Les frères Dardenne sont en passe de vampiriser le cinéma d'auteur social et l'on devrait grandement s'en réjouir: ce devrait être l'ultime gage de qualité. Sauf que le naturalisme des belges à ceci d’agaçant qu'il prétend transfigurer le réel pour mieux exploiter les codes narratifs de la misère sociale et n'en donne finalement qu'une vision assez plate. Il me faudrait une connaissance plus dense de leur filmographie mais "Rosetta", "Le Fils", "L'Enfant" et "Le Silence de Lorna" ne m'ont jamais passionnés. Trop démonstratifs et mis en scène avec une caméra embarquée suivant au plus près leurs personnages pour donner une dimension immersive, ces différents films me tenaient à trop grande distance de l'émotion recherchée. Peu importe qu'ils suivent une sauvageonne esseulée dans la campagne bruxelloise, un fils mal aimé par son paternel, de jeunes parents débordés par leur progéniture ou une immigrée albanaise en recherche de papiers traquée par un proxénète l'étirement du scénario et la maladresse du propos me rebutaient. La sincérité des deux jumeaux et la spontanéité de comédiens fidèles corrigeaient heureusement en partie ces défauts.

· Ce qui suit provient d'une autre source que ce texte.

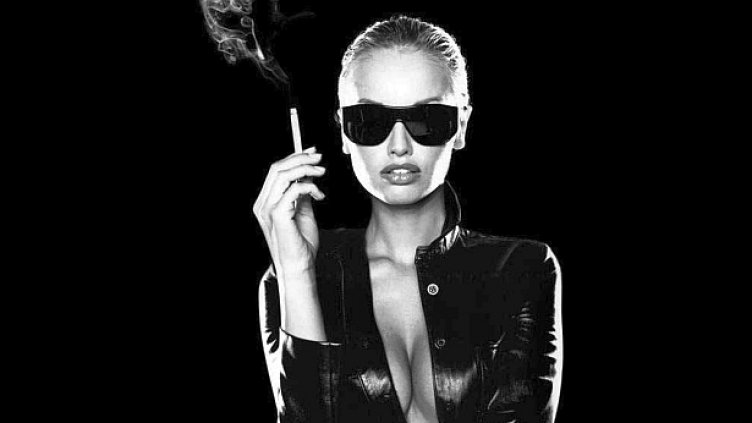 Жените били похотливи като мъжете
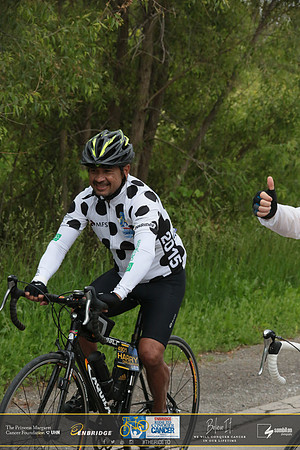 DAY2 - TheRideTO - SOMBILON PHOTOGRAPHY-2031-
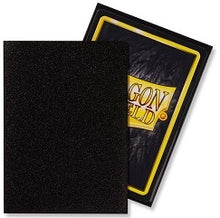 Load image into Gallery viewer, Dragon Shield Sleeves - 100 Count Sleeves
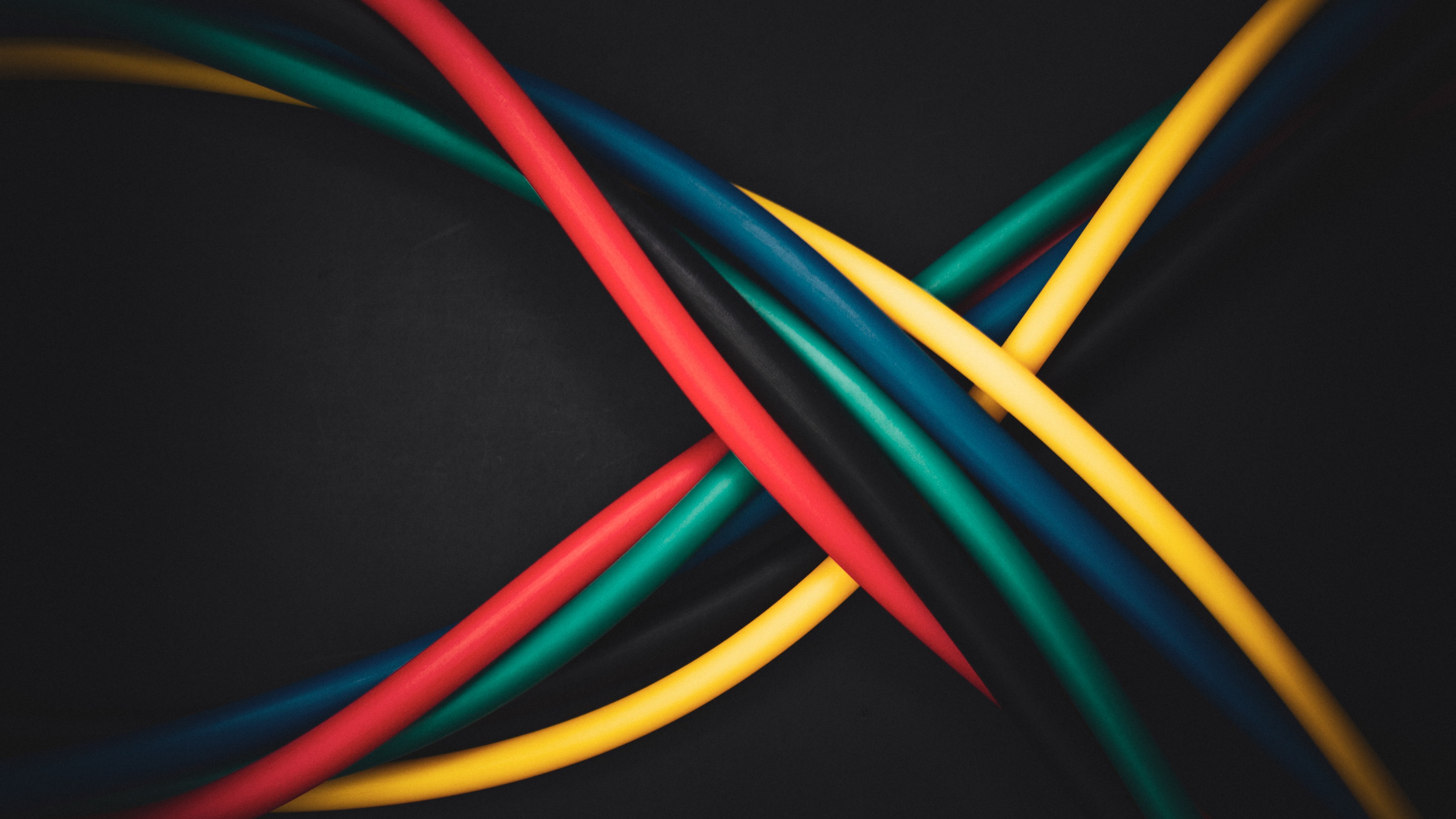 Jefferies Prefers Polycab Over Havells Due To Three Factors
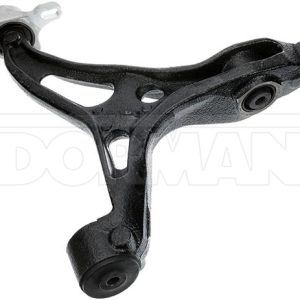 Dorman Control Arm, Premium ™ – CA28464PR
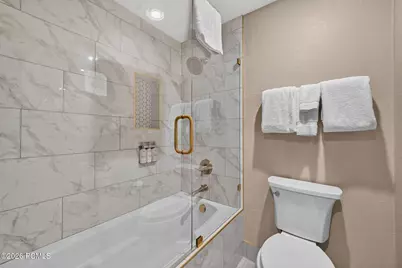 2900 Deer Valley Drive #B301, Park City, UT 84060 - Photo 12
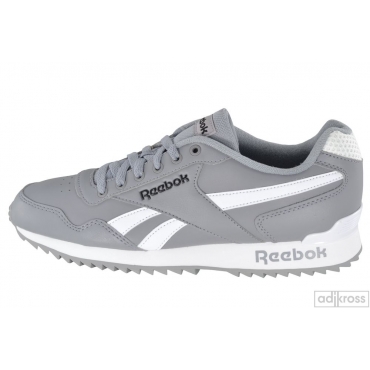 Кроссовки Reebok ROYAL GLIDE RPLCLP G55742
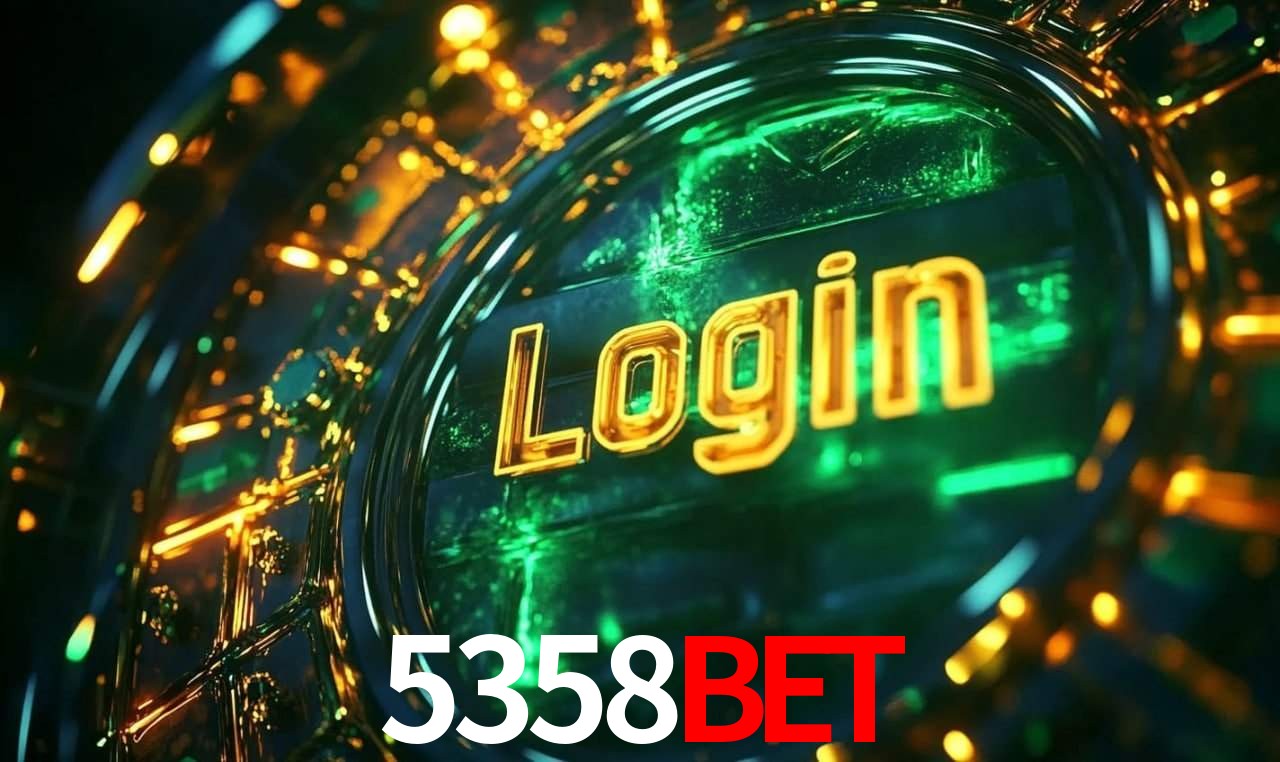 Premium Interface 5358bet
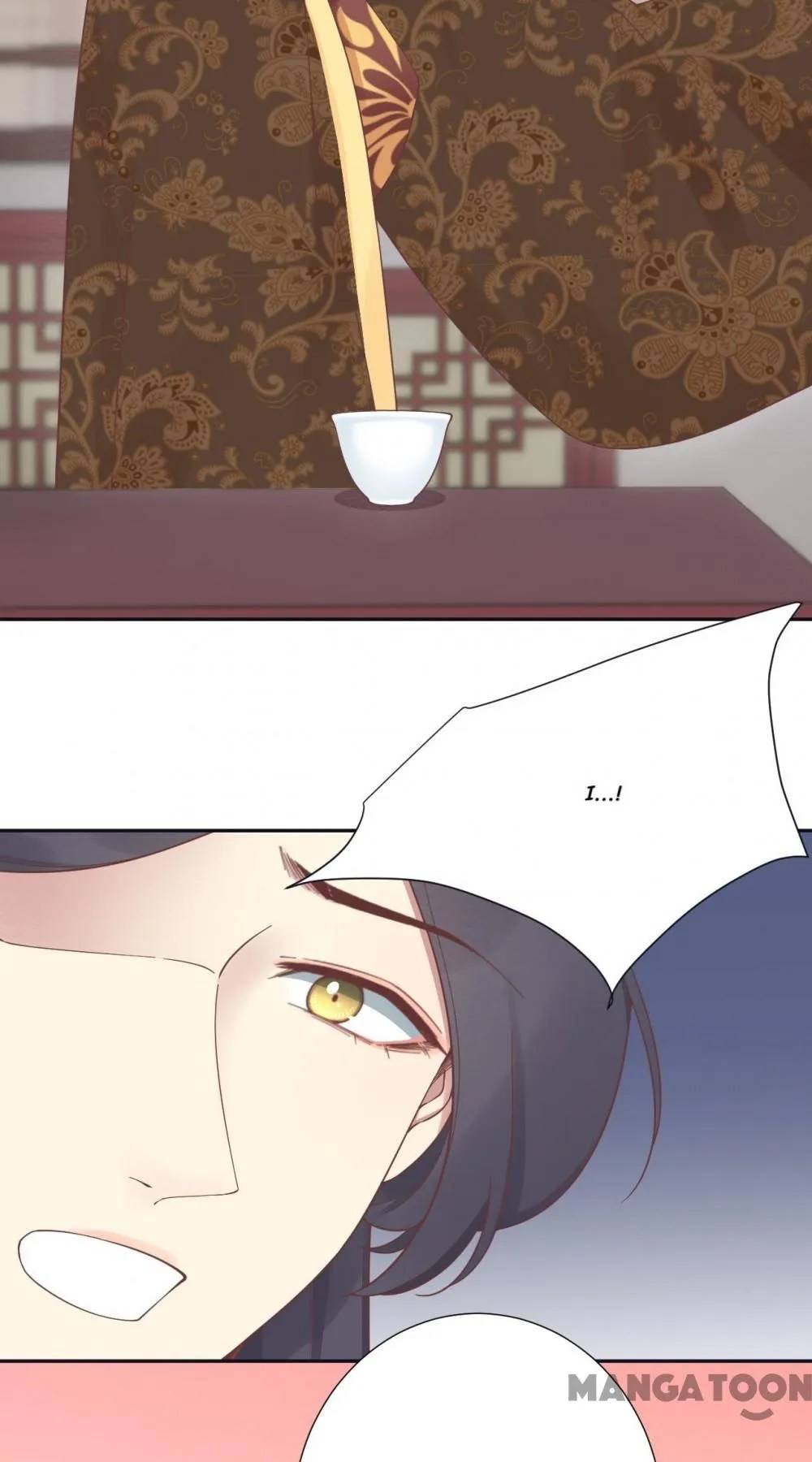 Page 12 of Chapter 187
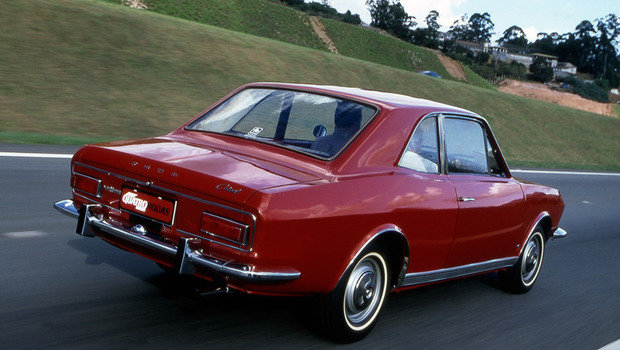 corcel-modelo-1969-com-motor-1-3-avaliado-pela-revista-quatro-rodas.jpeg corcel-modelo-1969-com-motor-1-3-avaliado-pela-revista-quatro-rodas.jpeg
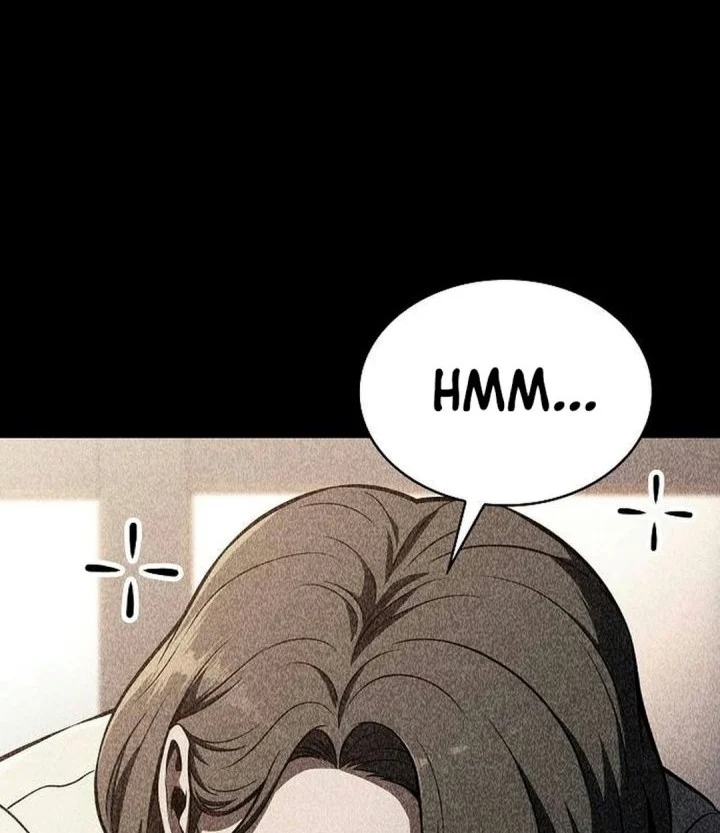 The Demon Slayer’s Restaurant Chapter 73 halaman 43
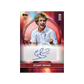 Topps England Cricket 2025 Team Set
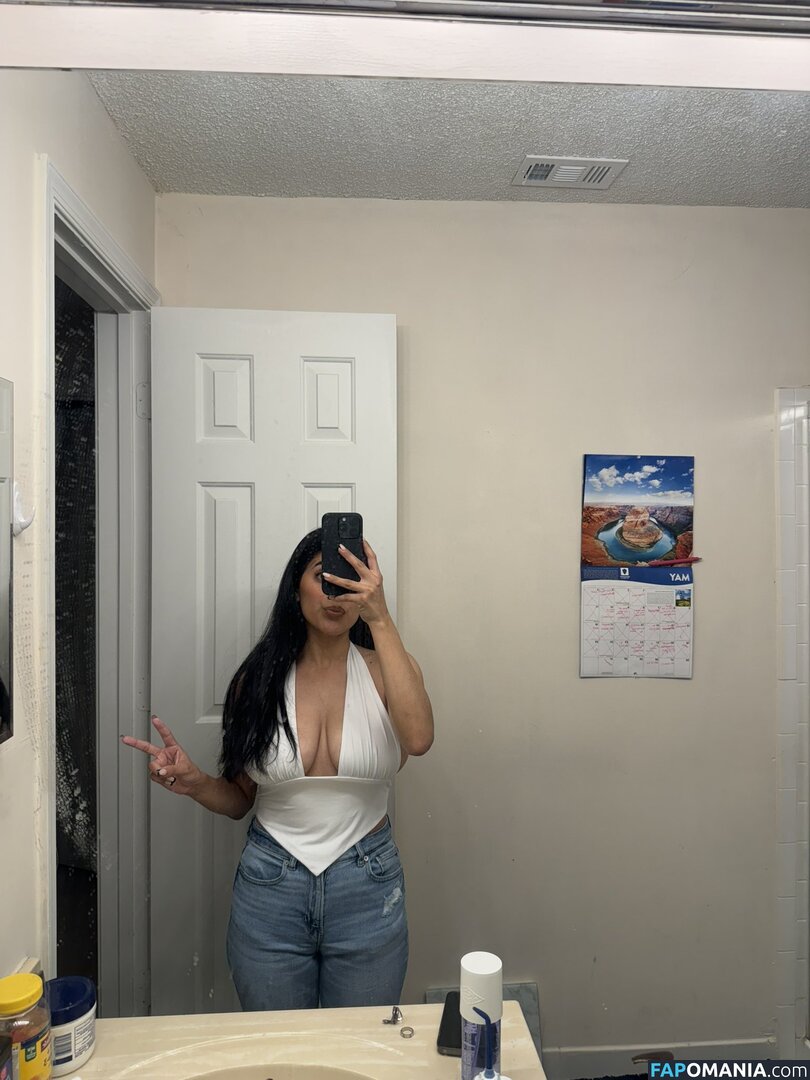 Mikasavader / https: Çıplak OnlyFans  Sızdırılmış Fotoğraf #18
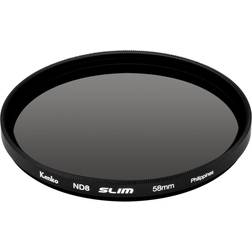 Kenko Smart Filter ND8 SLIM 43mm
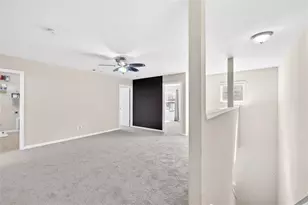 6897 Barker Station Walk, Sugar Hill, GA 30518 - Photo 19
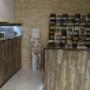 Esposizione Accessori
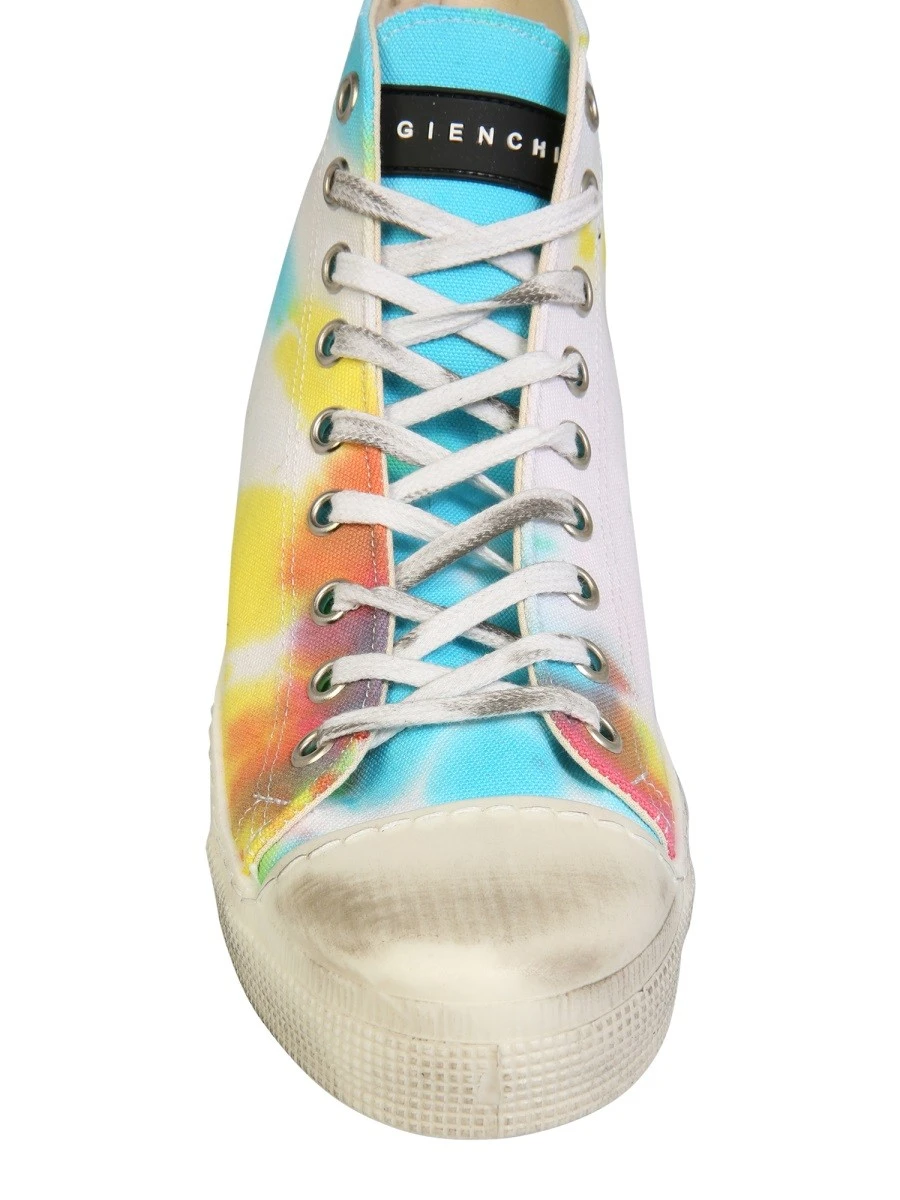 HIGH JEAN MICHEL SNEAKERS.webp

Pourquoi cette longue digression avant d'aborder "Je suis un soldat"? tout simplement car l'on retrouve chez Laurent Larivière cette propension à s'emparer d'un sujet social proche de notre quotidien pour tenter d'en matérialiser une métaphore juste sur les affres d'une société à bout de souffle. Soit une jeune femme qui perd son emploi et retourne chez sa mère pour sortir de l'impasse. Il est intéressant de noter que Louise Bourgoin est choisie pour interpréter ce rôle. Jouer un personnage aux antipodes de ses origines sociales n'est pas une première et ce peut être une belle réussite lorsque le projet le motive. L'ex présentatrice météo de Canal + ne démérite pas, loin de la, mais il est bien difficile de croire en sa reconversion. L'intrigue qui la voit se faire embaucher par son oncle comme passeur dans un trafic d'animaux à vaste échelle ne rend pas assez crédible sa subite maîtrise des us et coutumes de la clandestinité. Au delà même de son apparence physique jamais démentie dans le sale boulot, elle incarne le prototype usé jusqu'à la corde d'esclave se libérant de ses chaines pour mieux s'enfoncer dans une abjection sans foi ni loi.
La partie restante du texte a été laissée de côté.